ヤフー(株)は3日、同社が運営するウェブサイト“Yahoo! JAPAN”のウェブ検索サービス“Yahoo!検索”をリニューアルし、ロボット検索“Yahoo! Search Techonology”の結果を優先表示するように仕様を変更すると発表した。同社は2005年6月から検索に特化したサービスの試験導入を“Yahoo! SEARCH(ベータ版)”として行なっていたが、今回のリニューアルは、この試験サービスのフィードバックを反映し、正式サービスとしたもの。
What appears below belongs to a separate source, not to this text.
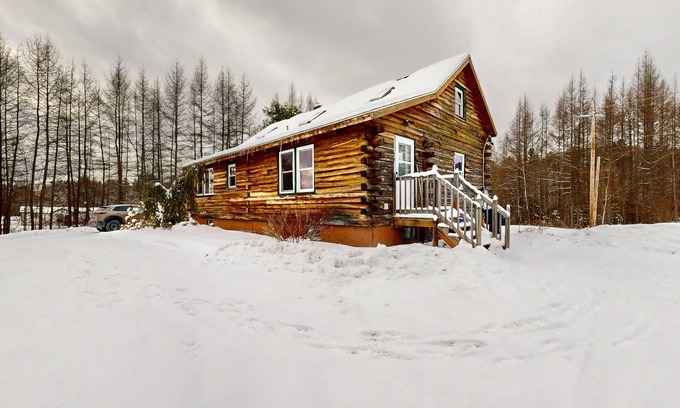 Twin Mountain House | Beautiful log home w/patio - perfect for outdoor enthusiasts, dogs OK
リニューアルが行なわれた“Yahoo!検索”の検索結果画面の表示内容
“Yahoo!検索”のトップ画面。検索したい語の入力欄と検索したカテゴリー(ウェブ/画像/商品、など)選択タブのみのシンプルな画面に変更されている

“Yahoo! JAPAN”の検索機能では、2004年5月に米ヤフー社が開発したロボット検索“Yahoo! Search Techonology”を全面導入。今回のリニューアルでは検索結果表示画面を刷新し、この“Yahoo! Search Techonology”によるウェブ検索結果が中心に表示するようになっている。また、検索サービスのトップ画面(http://search.yahoo.co.jp/)は、検索を実行することに特化したシンプルな構成に変更された。
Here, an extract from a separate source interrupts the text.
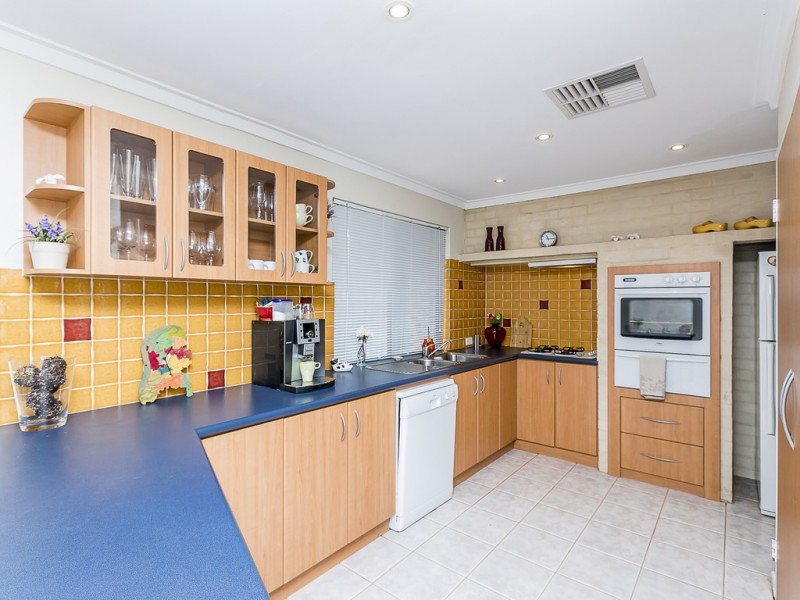 6 Staff Court, Beldon WA 6027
検索結果表示画面では、“Yahoo! Search Techonology”のウェブ検索結果一覧の冒頭に、使用したキーワードと組み合わせて入力されることの多いキーワードを表示し、これを参考にさらに検索を実行できる“関連検索ワード”、キーワードと一致したディレクトリー型検索“Yahoo!カテゴリ”のカテゴリー、キーワードと関連した“Yahoo! JAPAN”の各種サービスを合わせて表示。これによりユーザーの検索作業をサポートするとしている。
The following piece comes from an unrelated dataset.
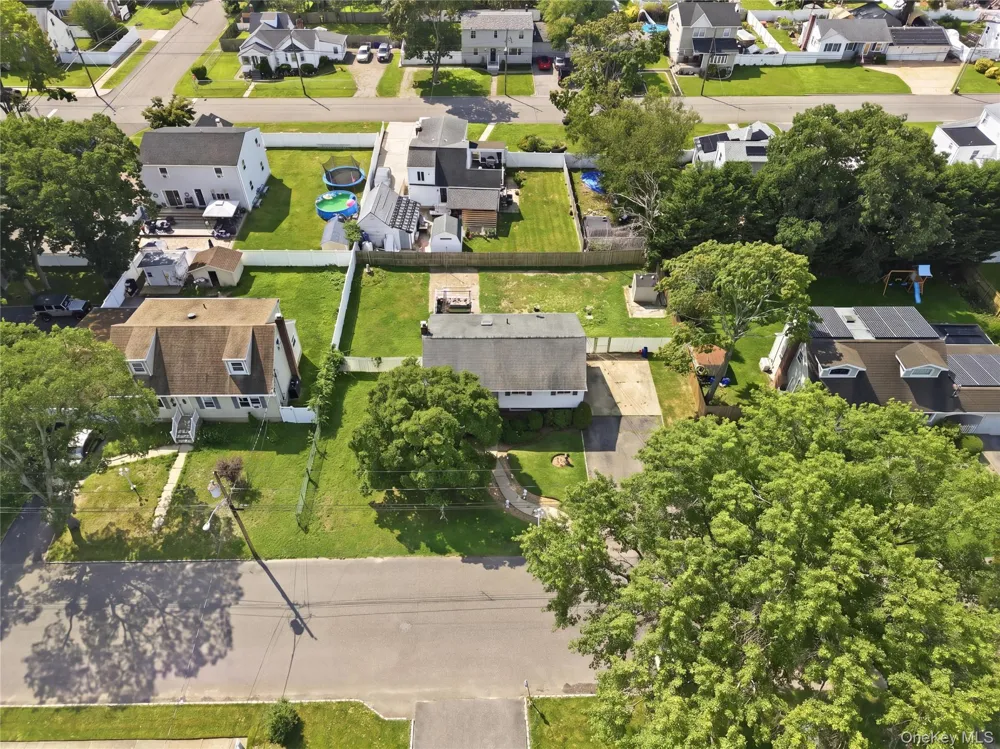 835 7th Street West Babylon, NY 11704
このほか、日本語/英語を含めて全37言語の検索に対応したほか、中国語/韓国語については、検索結果と同時に翻訳サービスへのリンクを表示。また、パーソナライズ機能として、同社のIDサービス“Yahoo! JAPAN ID”を利用して、検索対象言語や検索結果表示方法などのカスタマイズをサーバー上に保存し、異なる端末を利用する場合でも同じカスタマイズ内容を使用できる機能が追加された。

リスティング事業部 検索企画室 室長の井上俊一氏
四半期ごとの営業利益の推移

この日開催された記者説明会で“Yahoo!検索”の概要を説明したリスティング事業部 検索企画室 室長の井上俊一氏は、“Yahoo!検索”関連のビジネス状況についても説明。まず、“Yahoo!検索”のビジネスモデルについては、オーバーチュア(株)と提携して提供している検索内容と連動した広告が表示される検索連動型広告“スポンサーサイト”と、“Yahoo!カテゴリ”に営利目的サイトを登録する有料サービス“ビジネスエクスプレス”の2種類が主な収入だとしている。また、2005年4〜6月期の検索サービス部門の売上はヤフー全体の26.0%(約101億円)、営業利益では全体の41.9%(76億円)を占めるといい、利益率の非常に高い同社のビジネスの重要な柱だという。

検索機能の進化のモデル図
“Socialサーチ”を指向して進化する方向性のひとつとして紹介された開発中の“My Web 2.0”。検索結果の保存のほか、友人が公開している検索結果などの表示も可能

また、今後の“Yahoo!検索”の進化の方向性としては、検索サービスの基本的な機能である“情報を探す”ことを発展させ、“個人の知識・知恵を共有する”ことへと向かっていくという。同社の考え方によると、検索サービスは、検索機能の基礎となる“Yahoo! Search Techonology”のような“Webサーチ”をベースに、特定の分野を検索する“Verticalサーチ”(同社の機能の商品検索など)や、個人の設定や検索結果などをユーザー自身が管理/保存できる“Personalサーチ”、さらに上位の機能として、友人などのコミュニティー内で知識を共有する“Socialサーチ”が成り立つとしている。米ヤフーでは、ソーシャルネットワークサービス(SNS、Socail Network Service)と検索サービスとを融合した“My Web 2.0”というPersonal/Socialサーチの開発とテストを進めているというが、井上氏は、“Yahoo! JAPAN ID”のログインユーザー数(月間1415万ID)とマーケットシェア(ページビューベースで約58%)の面から「サーチのさらに上の部分(=Personal/Socialサーチのサービス)を目指すにはヤフーがナンバーワンなのではないかと思う」と述べ、将来の検索サービスの発展に対して期待感を示した。

なお井上氏によると、今回のリニューアルにより、検索結果表示画面では“Yahoo!カテゴリ”よりも“Yahoo! Search Techonology”の検索結果の表示に重点が置かれることになるが、これに伴う“Yahoo!カテゴリ”や“ビジネスエクスプレス”のビジネス的な変更は特にないといい、今後も従来のビジネスを継続していくとしている。